Apesar de tudo, sei que nada disso me convencerá. Confesso que, após tantos anos, estou velho demais para me render ao que não acredito. Render-me significaria sentir-me morto por dentro. A menos que argumentos sólidos me convençam, permanecerei fiel às minhas convicções. Elas criaram em mim uma profunda repulsa por aqueles que, após vociferarem críticas severas, agora se ajoelham diante do governo em troca de “benesses” ou de cargos para filhos, afilhados ou até para si próprios. Permanecerei, como sempre estive, leal aos meus princípios e honesto comigo mesmo e com as pessoas. Tenho o orgulho de ter participado de governos que jamais mereceriam as críticas que hoje faço. A história já foi escrita para nossos heróis do passado, e os atos de hoje estão moldando um futuro e só serão julgados com o tempo, não pela pesporrência de quem se vangloria de vitórias baseadas em palavras vazias.

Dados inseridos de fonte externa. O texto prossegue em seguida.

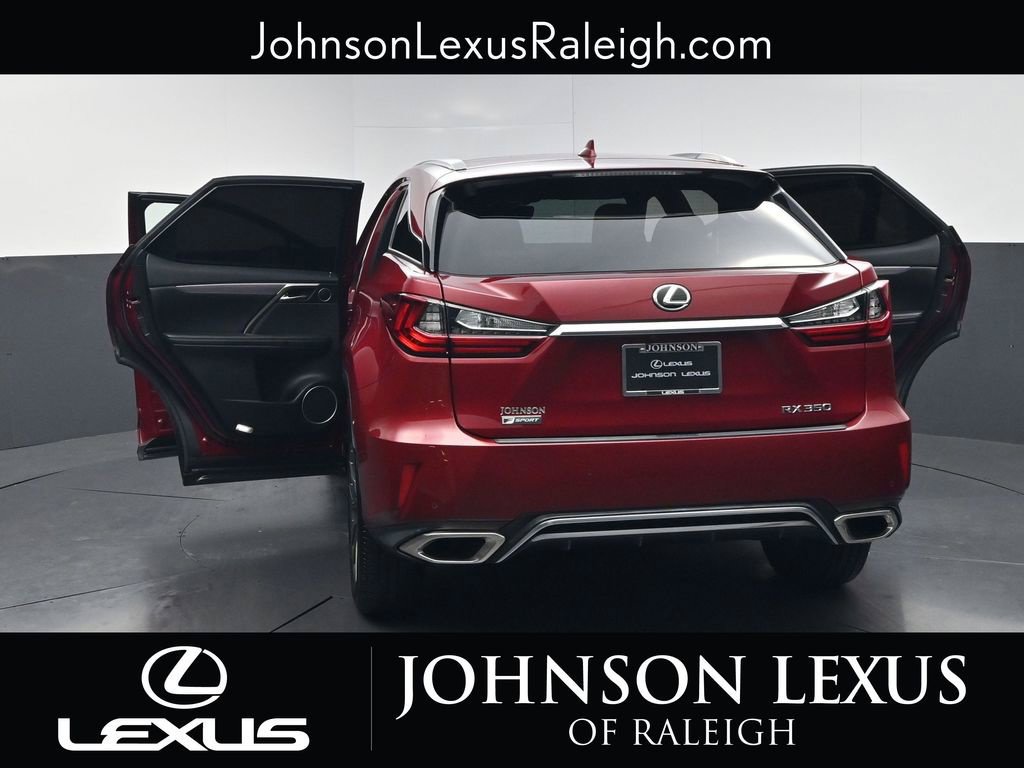 Used 2017 Lexus RX 350 F Sport w/ Accessory Package AWD/4WD image 34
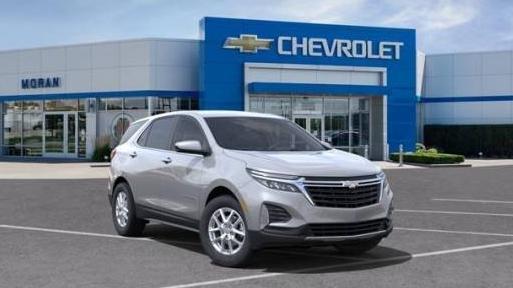 CHEVROLET EQUINOX 2023 3GNAXKEG4PS185441 image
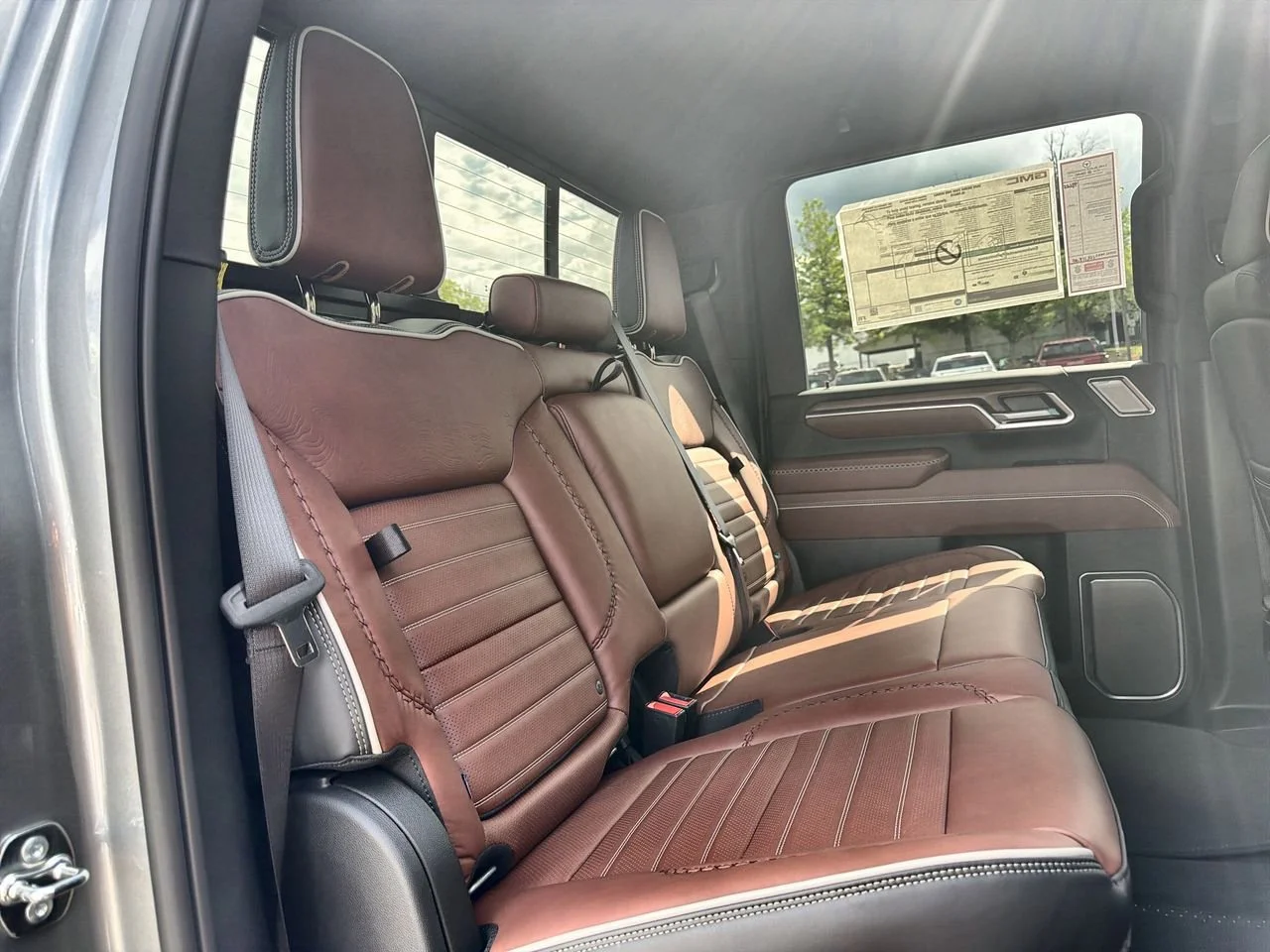 New 2026 Sterling Metallic GMC Denali Ultimate image 22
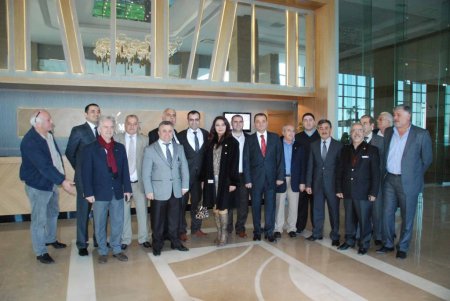 Turizmciler gelecekten umutlu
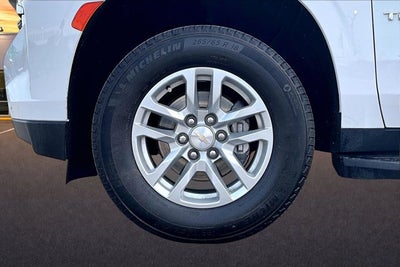 2024 Chevrolet Tahoe LS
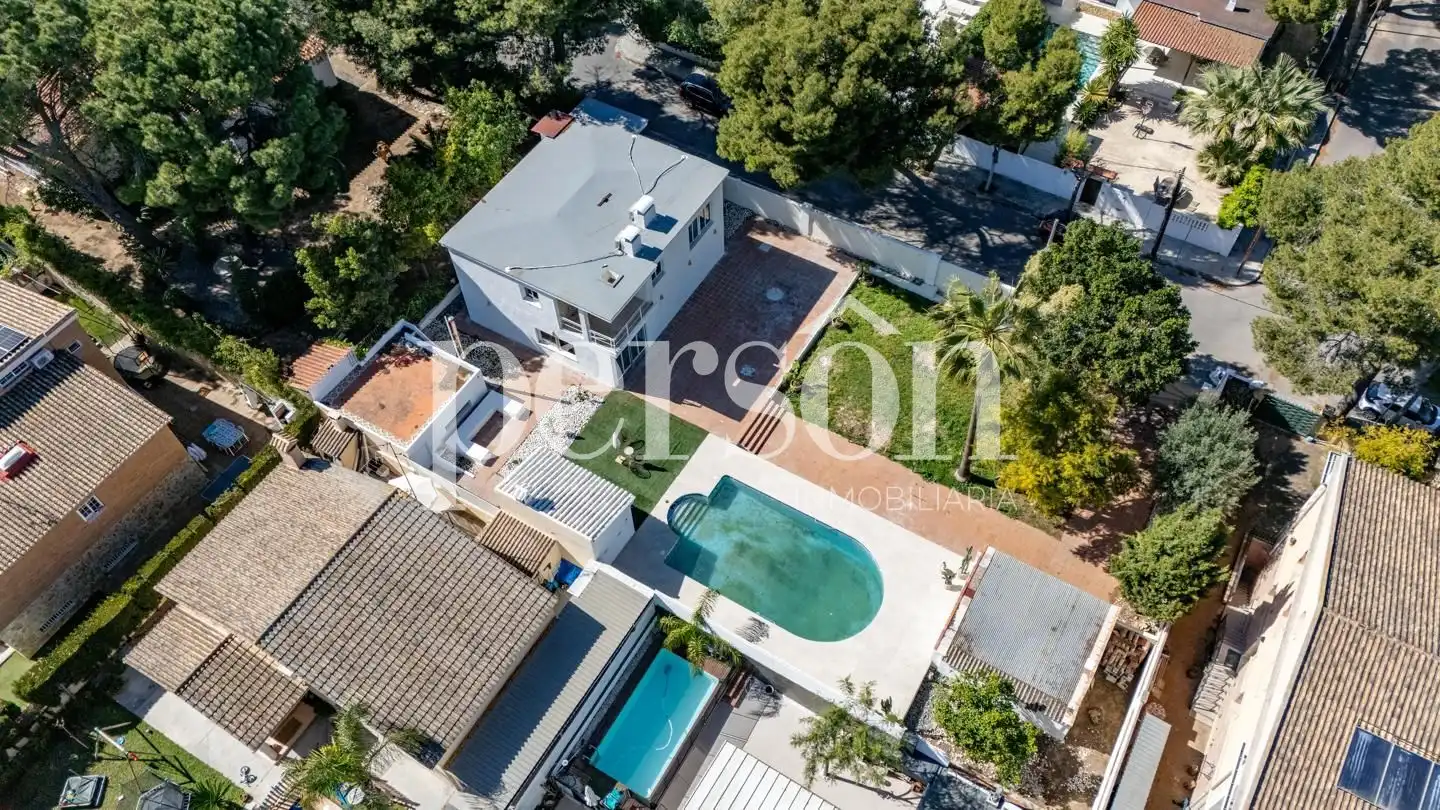 Chalet con piscina en venta en La Cañada, imagen 23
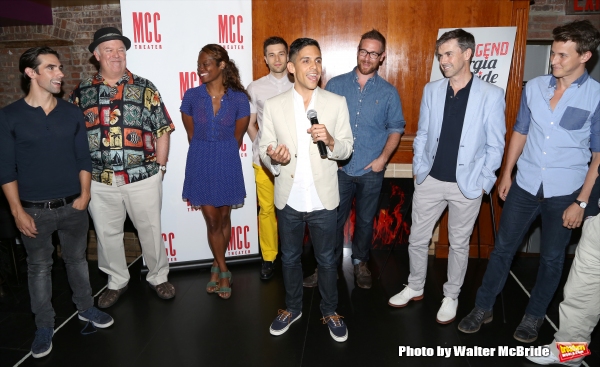 Photo Coverage: Meet the Company of MCC's THE LEGEND OF GEORGIA McBRIDE!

Por fim, deixo uma pequena fábula, como contraponto à história do menino marchando:

Um homem subia todos os dias em um banquinho no meio da praça e falava sobre política, justiça e liberdade. Suas palavras, ricas em metáforas e intensidade, ecoavam, mas ninguém parava para ouvi-las. Um dia, um jovem curioso perguntou por que ele continuava a falar. O homem respondeu: “No início, eu falava para mudar o mundo. Agora, falo para que o mundo não me mude.” Ele continuou discursando, não esperando aplausos, mas para lembrar a si mesmo de suas convicções e não se perder na indiferença. Seus discursos, que poucos ouviam, não mudaram o mundo, mas preservaram o homem. Esse é o verdadeiro poder: manter-se fiel a si mesmo quando tudo ao redor parece divergir. E assim, dia após dia, resistir às adversidades, porque, às vezes, as palavras mais poderosas são aquelas que dizem respeito a não nos perdermos de nós mesmos.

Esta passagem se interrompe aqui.